Regexes in bash commands are my nemesis.

[–] NotSteve_@piefed.ca 12 points 2 weeks ago (1 children)

Regexes ~~in bash commands~~ are my nemesis.

[–] levzzz@lemmy.world 4 points 2 weeks ago (1 children)
[–] eager_eagle@lemmy.world 2 points 2 weeks ago (1 children)
[–] meekah@lemmy.world 3 points 2 weeks ago

scott pilgrim?

[–] Ephera@lemmy.ml 13 points 2 weeks ago* (last edited 2 weeks ago) (2 children)

This meme brought to you by me trying to pass a regex from Nix into a TOML, which is certainly not the worst backslash orgy I've seen, but tragic in its own right. Both Nix and TOML have a way to specify raw strings, which do not need escaping. But Nix uses a normal string when passing into TOML, so I do have to escape anyways. 🫠

My regex also contains a double-quote, which was just guesswork as to how many backslashes I need there.

[–] balsoft@lemmy.ml 3 points 2 weeks ago* (last edited 2 weeks ago) (1 children)

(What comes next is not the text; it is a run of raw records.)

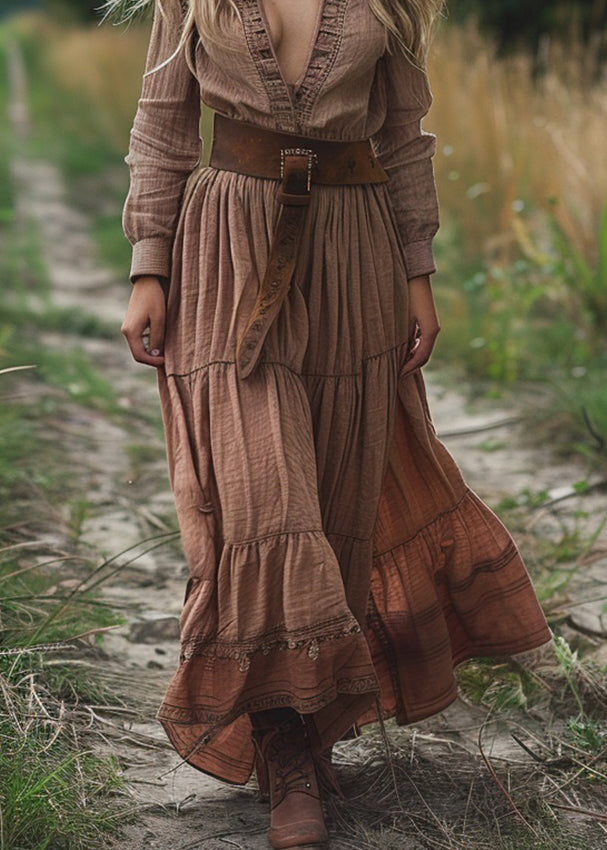 V Neck Wrinkled Patchwork Cotton Long Dress Spring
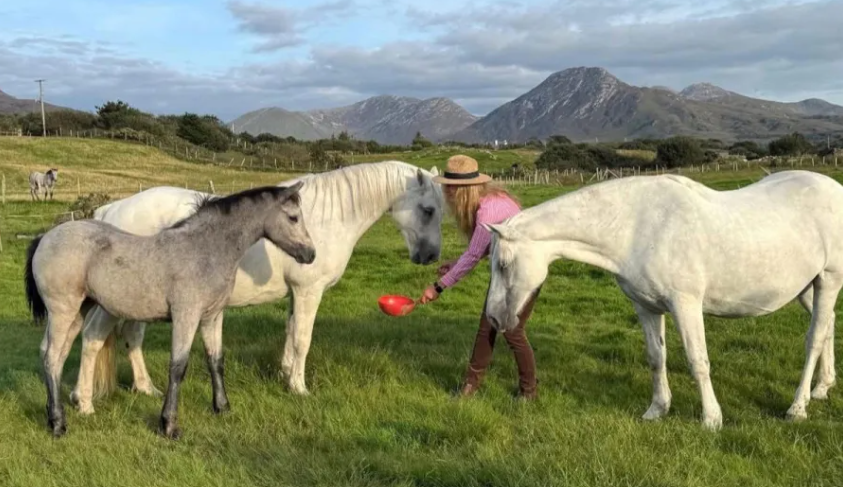 Cathy agus na capaillini ag Binn Ghuaire. Pictiur Curthaar fail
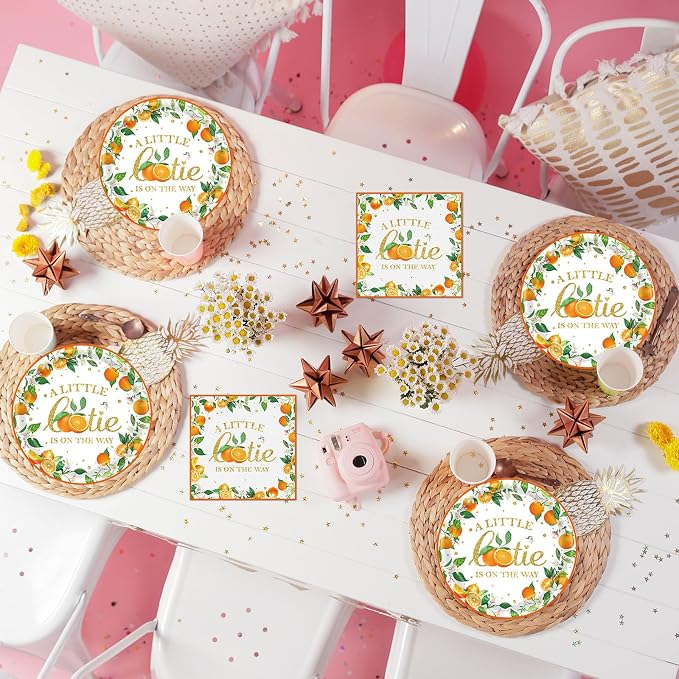 40 Pcs Little Cutie Baby Shower Plates and Napkins Party Supplies - Image 6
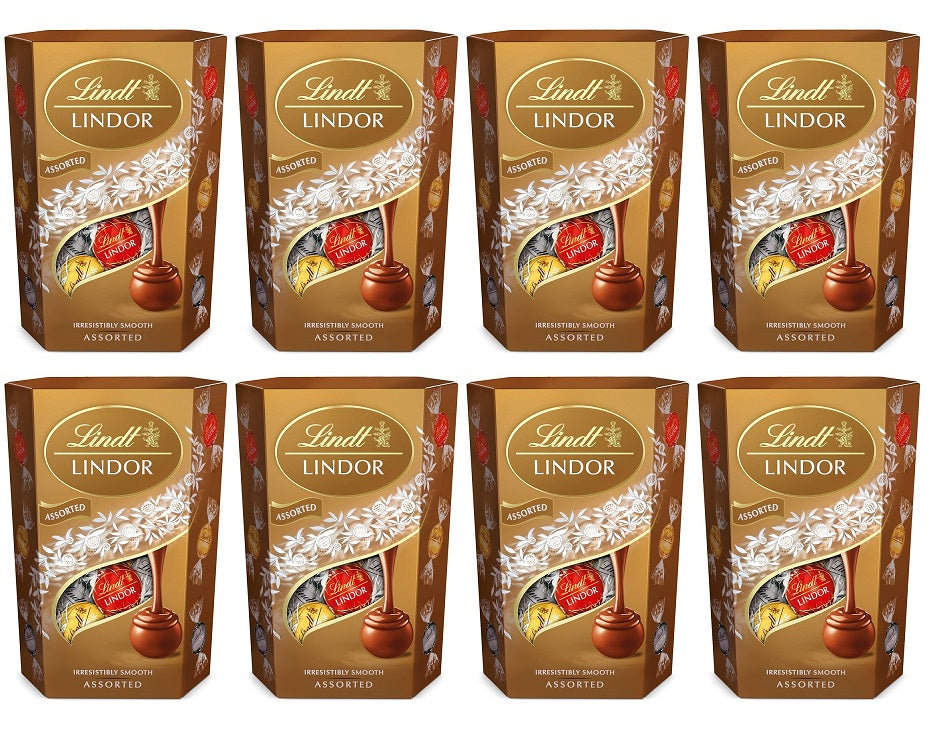 8 x Lindt Lindor Assorted Truffles Box Cornet - 137GM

But Nix uses a normal string when passing into TOML, so I do have to escape anyways

What do you mean by that? You are always able to just use the '' strings instead of the " strings, they are just different syntax for the same underlying type. Or are you just using lib.generators.toINI without any arguments? Maybe try something like this:

toTomlEscapeBackslashes = toINI {
  mkKeyValue = mkKeyValueDefault { mkValueString = x: lib.escape [ ''\'' ] (toString x); } "=";
}

This will escape the values, like this:

nix-repl> :print toTomlEscapeBackslashes { my.regex = ''foo\nbar''; }
[my]
regex=foo\\nbar
[–] Ephera@lemmy.ml 3 points 2 weeks ago

I figured, I'd involuntarily sign up for counter suggestions by posting this. 😅

Using lib.escape is a good idea, thanks.

But yeah, basically I want to configure Alacritty and I'm using the respective home-manager module.
Even more specifically, I want to pass stuff, including a regex, into the settings parameter, which more-or-less just takes the Nix expression that I shove in and then outputs it as TOML on disk.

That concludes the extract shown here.